The Opposition to Urban Tolling Alliance (OUTA) has claimed information made public by South African National Roads Agency Limited (SANRAL) chief executive officer (CEO) Nazir Alli on Friday was dishonest.
OUTA has notified the public prosecutor of an additional allegation against the roads agency, having last week released a 15,000-word research report into e-tolling, calling for the controversial policy to be suspended immediately.
Alli was speaking on Talk Radio 702 when he said over one million road users had registered for e-tags, the system was performing well and SANRAL was now receiving over ZAR300 million (US$28 million) a month, ZAR100 million (US$9 million) more than expected, and was therefore “meeting obligations”.

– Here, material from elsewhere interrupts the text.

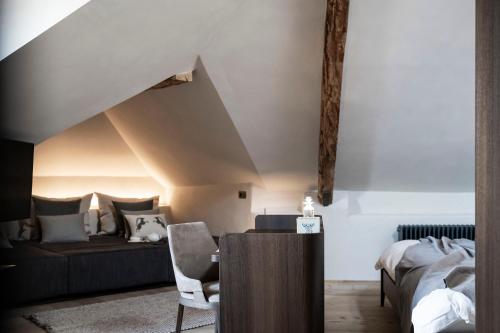 Postel nebo postele na pokoji v ubytování Hotel Ansitz Steinbock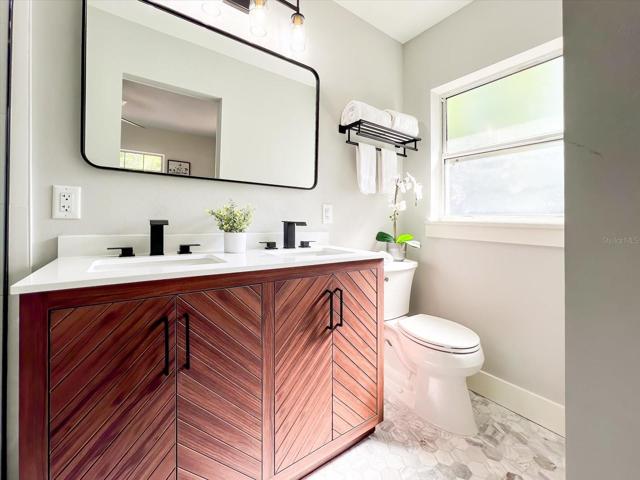 Primary bathroom with double sink vanity and waterfall faucets.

OUTA has said it believes the information is fabricated and the numbers make no sense.
“If indeed just over one million freeway users are compliant (driving with e-tags), out of a possible (approximately) 2.5 million, how is it possible that Mr Alli claims they have well exceeded their target of ZAR200 million (US$18.5 million) by 50 per cent to achieve revenues of over ZAR300 million?” the group said.

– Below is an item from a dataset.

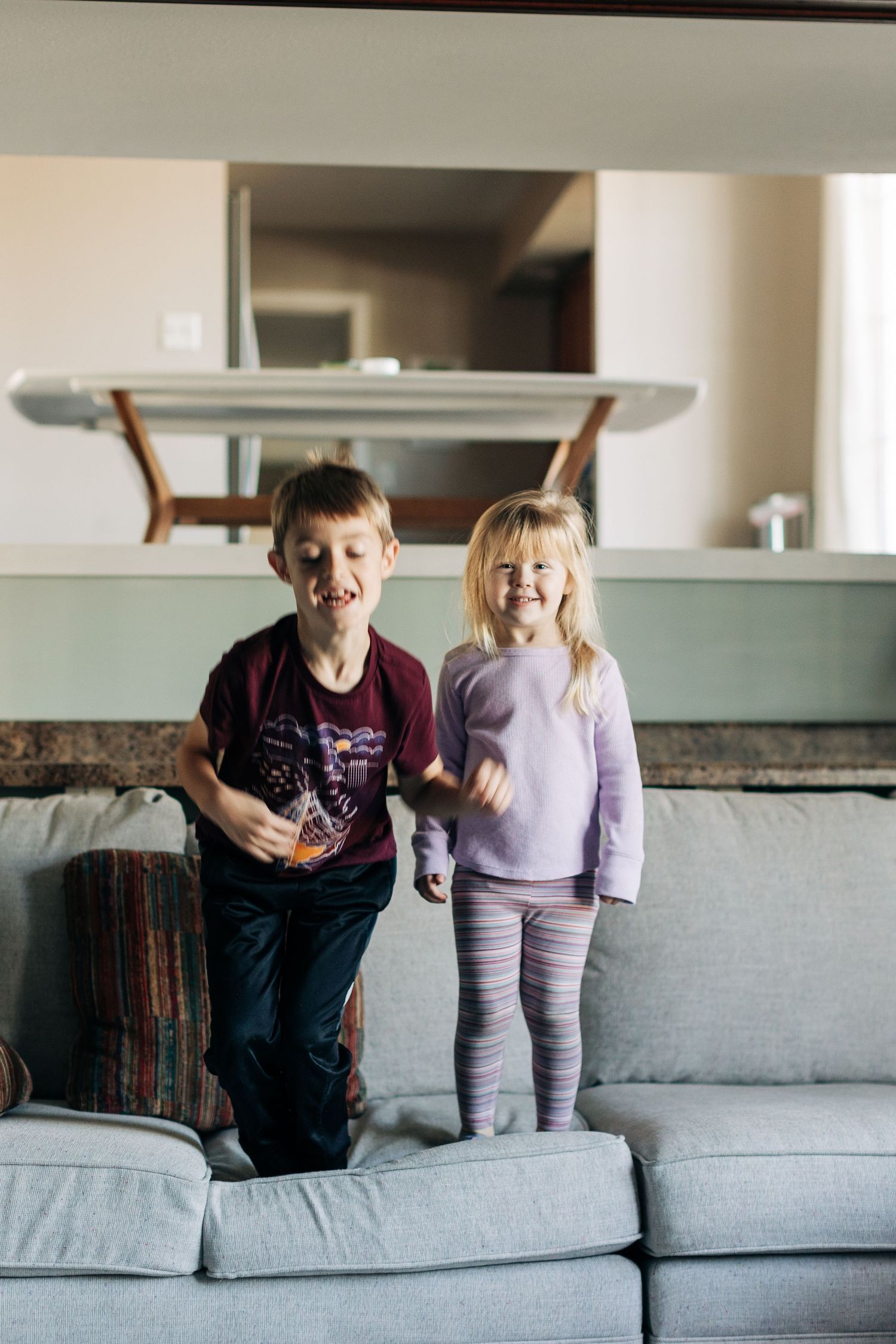 Two energetic kids standing on a grey sofa in a bright living room.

“Mr Alli obviously has an interest to push the fact that e-tags are in active use and not in various store rooms or shop shelves, by playing word-games,” said John Clarke, spokesperson for OUTA.
“While there may indeed be 1.2 million e-tags in ‘circulation’, our opinion is that less than 750,000 are in vehicles on the freeways. Our research has been further corroborated by intelligence received from reliable sources which back up our claims that as of end February, slightly less than 30 per cent of vehicles driving on the Gauteng freeways were fitted with e-tags.”

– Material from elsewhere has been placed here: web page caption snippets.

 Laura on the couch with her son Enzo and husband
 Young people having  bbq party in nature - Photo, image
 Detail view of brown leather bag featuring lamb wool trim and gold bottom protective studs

The group has appealed to the SANRAL CEO to be transparent about the real numbers surrounding the e-tolling scheme.
OUTA has opposed e-tolling since the outset of the initiative, and has also previously called on government to scrap the policy.
In December OUTA accused SANRAL of fabricating data on how many road users had signed up for e-tags, prompting repeated denials of the allegations by SANRAL.
HumanIPO reported today the Democratic Alliance (DA) would be appearing in court this week bidding to have the e-tolling bill declared unconstitutional.
The DA announced in January it would be challenging the bill on March 4.
The political party believes the bill was wrongfully imposed after it was erroneously classified, resulting in the bill not being approved by provincial representatives.